Just a quick chime in, take it with a grain of salt. Some rambling thoughts.
I've just converted my main partition (non-/boot) on a notebook from XFS to reiser3 mainly because I work with huge svn working copies and svn loves to keep small files around, as well as create lots of small files (lock files, etc) during routine svn work. xfs is just way considerably slower than reiserfs for svn status, update, commit, cleanup. Besides, reiser3's tail feature means svn's penchant for small files uses less space overall on my tinny notebook harddrive. Not sure if performance of reiser3 will degrade over time, (I've been on xfs on this partition for longer than a year), but we'll see.
BTW, http://www.debian-administration.org/articles/388 My observations differ from theirs (operations on file tree). I do have a significant larger amount of files, and many of those are smaller than the default block size, so that might affect things.

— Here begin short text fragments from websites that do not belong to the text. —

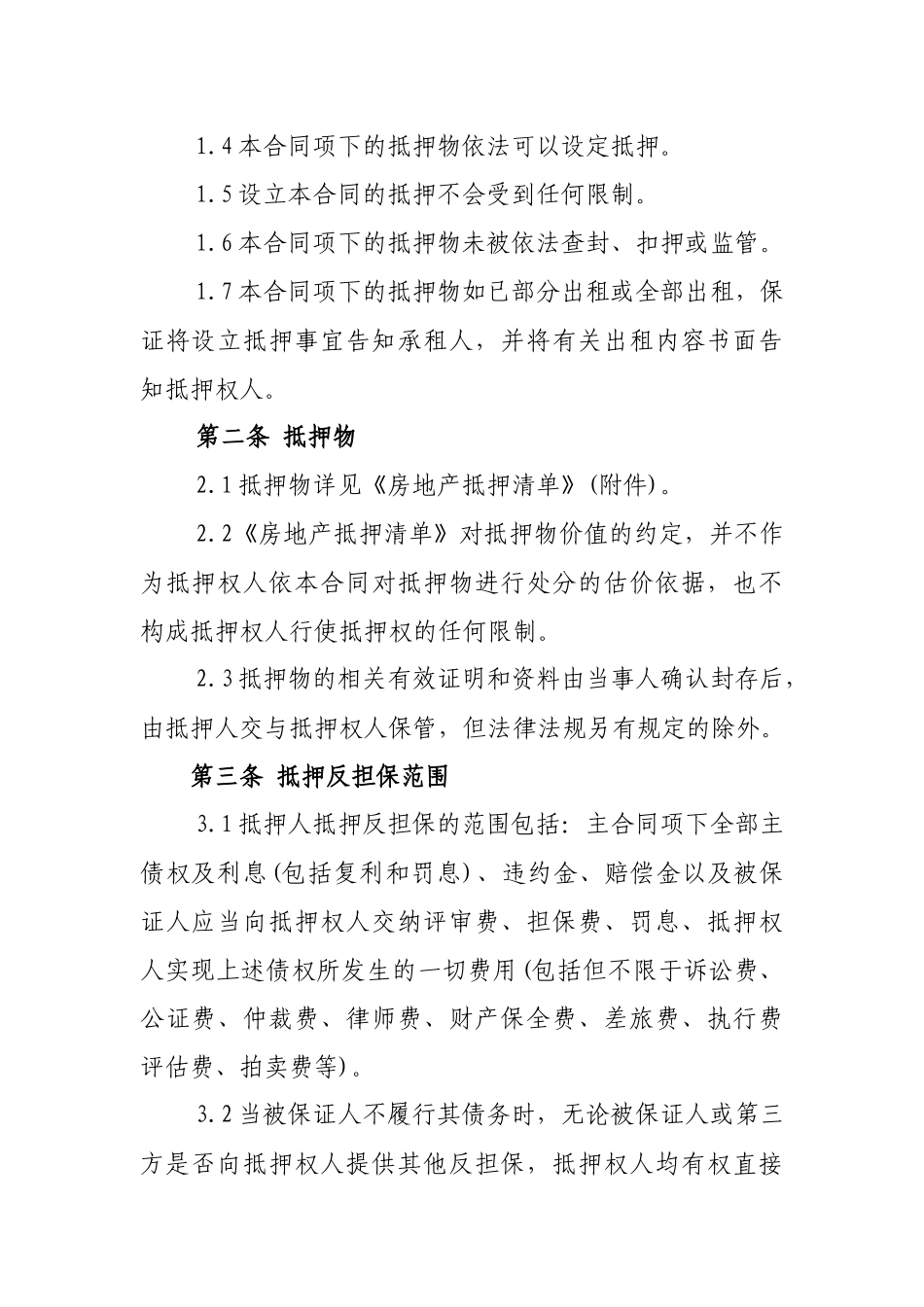 反担保房地产抵押合同_第3页
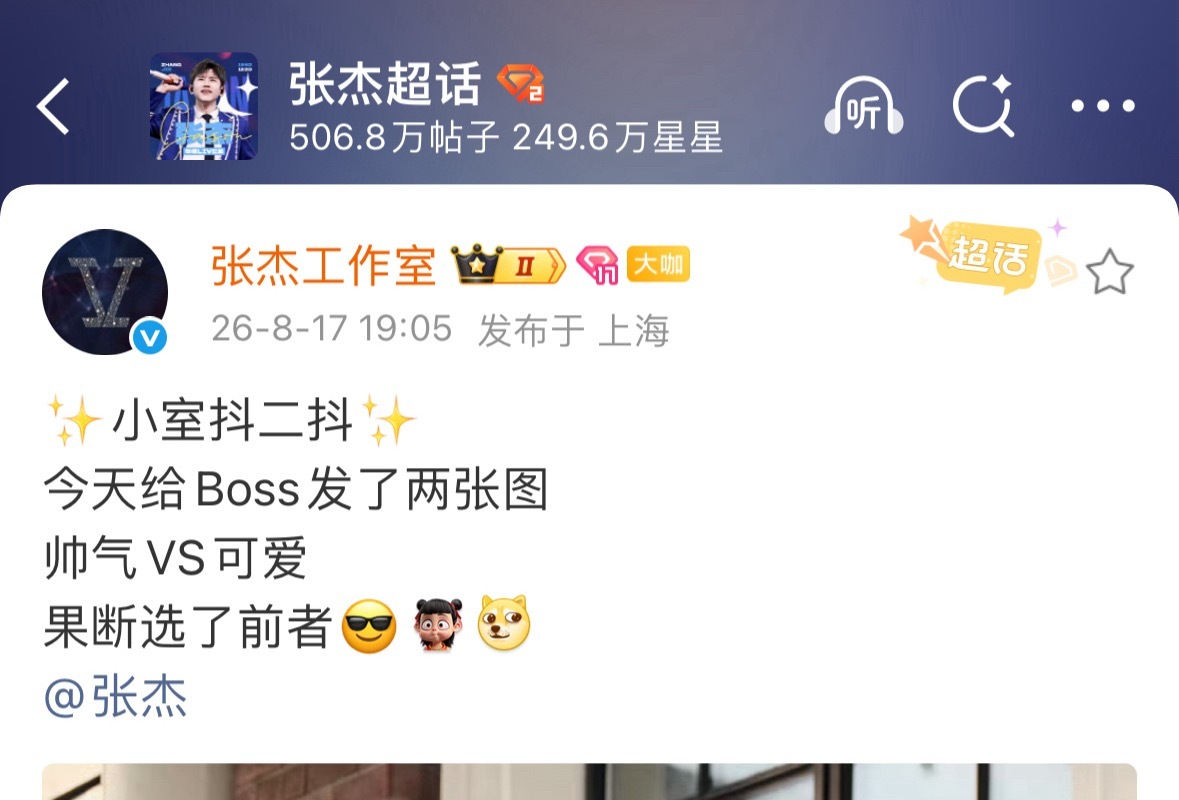 这条微博里有两个2  意思是加上今天还有两天官宣对吧对的 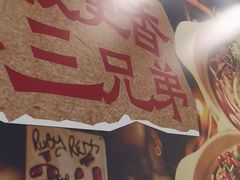 -魔都三兄弟酸辣粉·蘸卤炸串(虹桥万科店)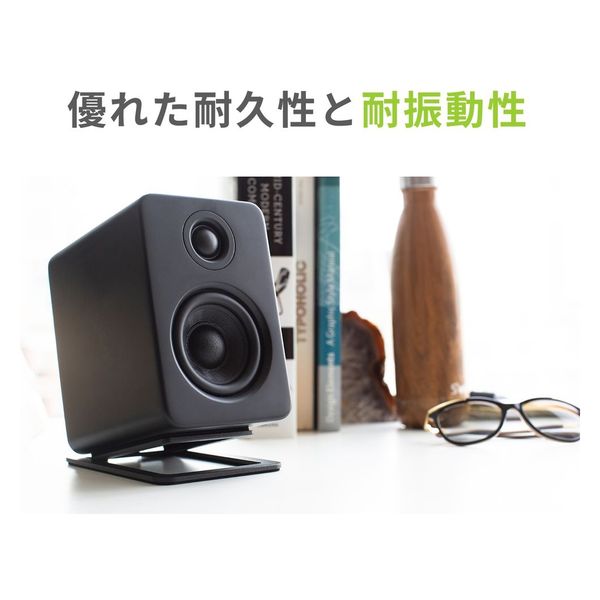 デビアレ　レッグブラック　Phantom2用スピーカースタンド　2個セット デビアレ レッグブラック Phantom2用スピーカースタンド 2個セット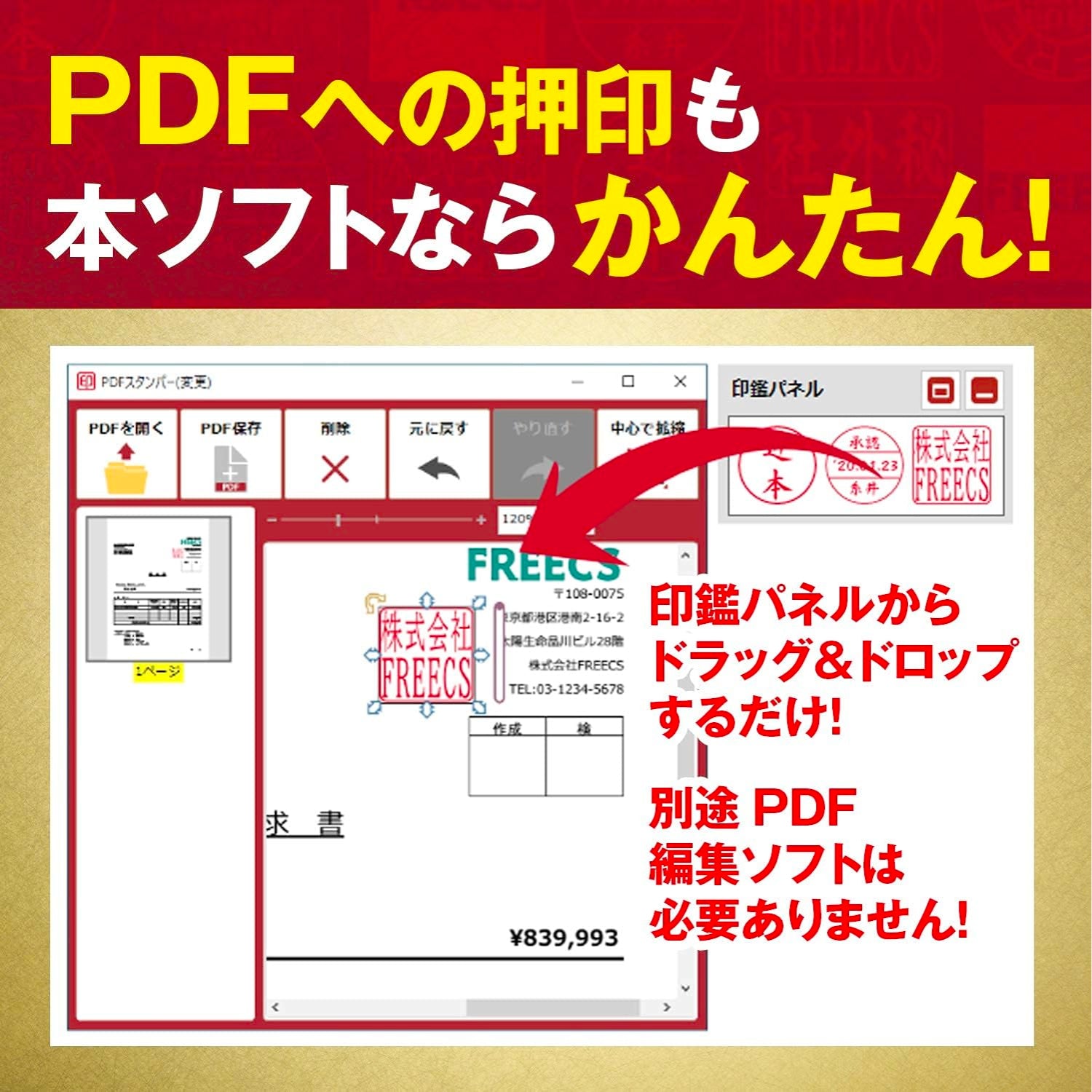 おまかせ電子印鑑3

On the server side, XFS, on multiple concurrent large, random, writes (postgresql) just creams reiser3 and ext3. (IIRC, battery backed SCSI raid controller, tested with both RAID1+0 and RAID5, Linux 2.6.x, 6 x 15000RPM 132(?)GB HDD) Read operations and single thread seq/random writes are too similar in performance for the various filesystems.
Another feature of XFS I used a lot (before converting to reiser3) is xfs_fsr, which defrags a mounted xfs filesystem. Oddly buggy though, as after some runs, some inodes tends to have max_extents corrupted (endian problem?). I'd recommend a xfs_repair after a xfs_fsr, which effectively makes xfs_fsr a utility for defragging *UN*mounted filesystems. So yeah, xfs is a tad unstable. I've only one real corruption, though, and that's from killing the notebook power during some writes. Not sure if that's from the fs, or the harddisk misbehaving.
The main described change / advantage in this proposed ext4 is that the notion that a file's allocation is tracked via "extents" (a specified number of contiguous 2k blocks) rather than a chain of inode pointers (with up to 3 levels of indirection).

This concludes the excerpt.